=== Required work ===
Narrow the data below down to the lines containing "Villa".

=== Material for the task ===
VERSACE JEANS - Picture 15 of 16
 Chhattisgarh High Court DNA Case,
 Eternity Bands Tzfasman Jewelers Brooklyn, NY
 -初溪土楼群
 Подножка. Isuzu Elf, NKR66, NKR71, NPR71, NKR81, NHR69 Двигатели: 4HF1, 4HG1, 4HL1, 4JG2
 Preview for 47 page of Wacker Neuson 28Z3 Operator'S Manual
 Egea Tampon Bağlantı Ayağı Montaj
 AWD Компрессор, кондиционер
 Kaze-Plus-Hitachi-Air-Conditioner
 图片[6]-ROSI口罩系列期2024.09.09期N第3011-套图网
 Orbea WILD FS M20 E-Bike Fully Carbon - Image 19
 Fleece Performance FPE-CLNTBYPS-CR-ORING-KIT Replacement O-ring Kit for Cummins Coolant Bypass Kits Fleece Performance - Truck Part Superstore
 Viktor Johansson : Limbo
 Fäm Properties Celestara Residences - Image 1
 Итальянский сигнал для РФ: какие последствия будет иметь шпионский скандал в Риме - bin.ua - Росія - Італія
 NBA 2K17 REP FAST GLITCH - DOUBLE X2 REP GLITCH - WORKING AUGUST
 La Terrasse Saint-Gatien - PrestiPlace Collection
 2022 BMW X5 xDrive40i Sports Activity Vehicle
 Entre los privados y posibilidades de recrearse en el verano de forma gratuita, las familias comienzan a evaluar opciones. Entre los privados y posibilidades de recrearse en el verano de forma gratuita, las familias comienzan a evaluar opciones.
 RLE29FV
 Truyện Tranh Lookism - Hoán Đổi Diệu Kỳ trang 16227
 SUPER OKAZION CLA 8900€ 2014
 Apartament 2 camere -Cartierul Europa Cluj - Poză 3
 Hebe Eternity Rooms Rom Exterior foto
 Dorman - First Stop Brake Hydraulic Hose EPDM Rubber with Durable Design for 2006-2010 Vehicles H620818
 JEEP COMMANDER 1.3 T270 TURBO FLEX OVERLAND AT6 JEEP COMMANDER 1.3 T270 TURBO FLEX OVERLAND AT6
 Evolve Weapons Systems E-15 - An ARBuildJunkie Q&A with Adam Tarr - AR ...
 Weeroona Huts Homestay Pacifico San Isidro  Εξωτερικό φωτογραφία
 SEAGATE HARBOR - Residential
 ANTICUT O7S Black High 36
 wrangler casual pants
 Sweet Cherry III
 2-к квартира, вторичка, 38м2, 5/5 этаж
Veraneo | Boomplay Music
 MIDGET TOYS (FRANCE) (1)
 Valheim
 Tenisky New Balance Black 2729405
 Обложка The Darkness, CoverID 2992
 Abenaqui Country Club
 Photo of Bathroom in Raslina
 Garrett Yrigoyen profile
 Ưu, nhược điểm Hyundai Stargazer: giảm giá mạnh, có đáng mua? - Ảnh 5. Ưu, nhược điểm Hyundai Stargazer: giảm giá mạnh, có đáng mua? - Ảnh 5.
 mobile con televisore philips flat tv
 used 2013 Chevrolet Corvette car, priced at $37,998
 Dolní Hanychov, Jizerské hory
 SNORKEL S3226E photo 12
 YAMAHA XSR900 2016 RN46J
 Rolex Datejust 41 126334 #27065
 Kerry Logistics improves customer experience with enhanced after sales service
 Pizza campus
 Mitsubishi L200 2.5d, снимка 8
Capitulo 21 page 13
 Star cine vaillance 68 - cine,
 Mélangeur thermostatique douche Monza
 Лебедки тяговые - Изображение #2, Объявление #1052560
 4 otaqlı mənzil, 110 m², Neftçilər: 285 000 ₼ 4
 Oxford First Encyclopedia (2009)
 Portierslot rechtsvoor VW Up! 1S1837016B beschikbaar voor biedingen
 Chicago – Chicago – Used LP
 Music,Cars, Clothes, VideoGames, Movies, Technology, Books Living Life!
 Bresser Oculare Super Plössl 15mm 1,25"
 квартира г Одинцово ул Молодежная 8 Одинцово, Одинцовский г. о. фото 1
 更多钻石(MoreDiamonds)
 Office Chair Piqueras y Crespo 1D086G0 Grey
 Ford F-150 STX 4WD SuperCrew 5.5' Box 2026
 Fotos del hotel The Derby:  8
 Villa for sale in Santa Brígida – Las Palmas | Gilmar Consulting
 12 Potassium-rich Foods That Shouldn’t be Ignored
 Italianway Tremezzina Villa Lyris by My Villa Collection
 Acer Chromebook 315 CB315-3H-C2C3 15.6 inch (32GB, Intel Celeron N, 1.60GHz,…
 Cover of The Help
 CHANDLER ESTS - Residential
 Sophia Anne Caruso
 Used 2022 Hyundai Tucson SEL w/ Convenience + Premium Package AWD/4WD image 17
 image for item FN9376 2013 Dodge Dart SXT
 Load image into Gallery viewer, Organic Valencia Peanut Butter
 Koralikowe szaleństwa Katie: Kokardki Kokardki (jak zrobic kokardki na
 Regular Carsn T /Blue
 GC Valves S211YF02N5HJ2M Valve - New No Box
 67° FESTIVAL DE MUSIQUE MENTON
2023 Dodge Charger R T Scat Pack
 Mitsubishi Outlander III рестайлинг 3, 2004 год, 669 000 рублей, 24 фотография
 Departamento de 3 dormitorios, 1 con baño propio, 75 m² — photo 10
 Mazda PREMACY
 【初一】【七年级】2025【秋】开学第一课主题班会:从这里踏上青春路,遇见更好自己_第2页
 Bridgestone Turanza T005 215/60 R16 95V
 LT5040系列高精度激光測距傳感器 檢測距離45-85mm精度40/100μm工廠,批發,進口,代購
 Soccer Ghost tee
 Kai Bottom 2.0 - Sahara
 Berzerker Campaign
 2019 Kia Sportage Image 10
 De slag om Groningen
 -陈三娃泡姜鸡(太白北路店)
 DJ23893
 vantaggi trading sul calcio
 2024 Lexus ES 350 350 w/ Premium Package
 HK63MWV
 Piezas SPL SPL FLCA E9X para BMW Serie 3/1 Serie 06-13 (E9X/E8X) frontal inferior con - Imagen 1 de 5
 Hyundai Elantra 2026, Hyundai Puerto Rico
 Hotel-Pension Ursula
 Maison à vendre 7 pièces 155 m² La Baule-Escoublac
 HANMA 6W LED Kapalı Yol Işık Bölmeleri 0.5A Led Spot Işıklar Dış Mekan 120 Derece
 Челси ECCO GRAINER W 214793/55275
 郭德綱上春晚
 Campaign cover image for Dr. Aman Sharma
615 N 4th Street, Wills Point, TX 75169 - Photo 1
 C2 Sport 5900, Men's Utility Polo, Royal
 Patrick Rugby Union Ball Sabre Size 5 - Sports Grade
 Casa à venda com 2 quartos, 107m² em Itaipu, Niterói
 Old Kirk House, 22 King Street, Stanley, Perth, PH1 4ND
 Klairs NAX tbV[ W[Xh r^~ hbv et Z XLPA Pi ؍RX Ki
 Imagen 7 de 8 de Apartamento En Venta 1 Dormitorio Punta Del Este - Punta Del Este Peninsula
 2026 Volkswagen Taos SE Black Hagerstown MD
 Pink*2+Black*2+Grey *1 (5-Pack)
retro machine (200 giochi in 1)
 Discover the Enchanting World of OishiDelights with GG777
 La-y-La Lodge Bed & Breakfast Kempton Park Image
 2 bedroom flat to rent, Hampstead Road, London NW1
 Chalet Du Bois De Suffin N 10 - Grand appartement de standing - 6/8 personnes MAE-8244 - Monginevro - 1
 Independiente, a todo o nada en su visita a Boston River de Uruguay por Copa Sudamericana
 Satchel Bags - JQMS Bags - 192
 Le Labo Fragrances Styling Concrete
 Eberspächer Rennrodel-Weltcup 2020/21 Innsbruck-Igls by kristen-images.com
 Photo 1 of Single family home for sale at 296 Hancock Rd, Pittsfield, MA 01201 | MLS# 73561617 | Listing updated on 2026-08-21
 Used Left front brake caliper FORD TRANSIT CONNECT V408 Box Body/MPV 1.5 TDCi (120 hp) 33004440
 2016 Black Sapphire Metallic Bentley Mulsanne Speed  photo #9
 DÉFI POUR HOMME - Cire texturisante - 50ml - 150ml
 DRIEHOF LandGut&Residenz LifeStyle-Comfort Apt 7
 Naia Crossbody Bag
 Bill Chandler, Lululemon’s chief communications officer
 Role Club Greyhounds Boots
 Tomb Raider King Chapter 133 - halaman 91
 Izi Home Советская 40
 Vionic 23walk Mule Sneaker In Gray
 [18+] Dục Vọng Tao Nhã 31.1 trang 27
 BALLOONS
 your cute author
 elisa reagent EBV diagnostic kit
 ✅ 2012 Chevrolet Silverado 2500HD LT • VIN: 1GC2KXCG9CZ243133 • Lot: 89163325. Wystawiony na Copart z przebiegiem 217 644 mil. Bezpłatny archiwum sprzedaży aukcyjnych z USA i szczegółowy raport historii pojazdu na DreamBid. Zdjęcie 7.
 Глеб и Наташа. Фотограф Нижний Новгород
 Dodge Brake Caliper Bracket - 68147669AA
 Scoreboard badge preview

=== Exercise solution ===
 Villa for sale in Santa Brígida – Las Palmas | Gilmar Consulting
 Italianway Tremezzina Villa Lyris by My Villa Collection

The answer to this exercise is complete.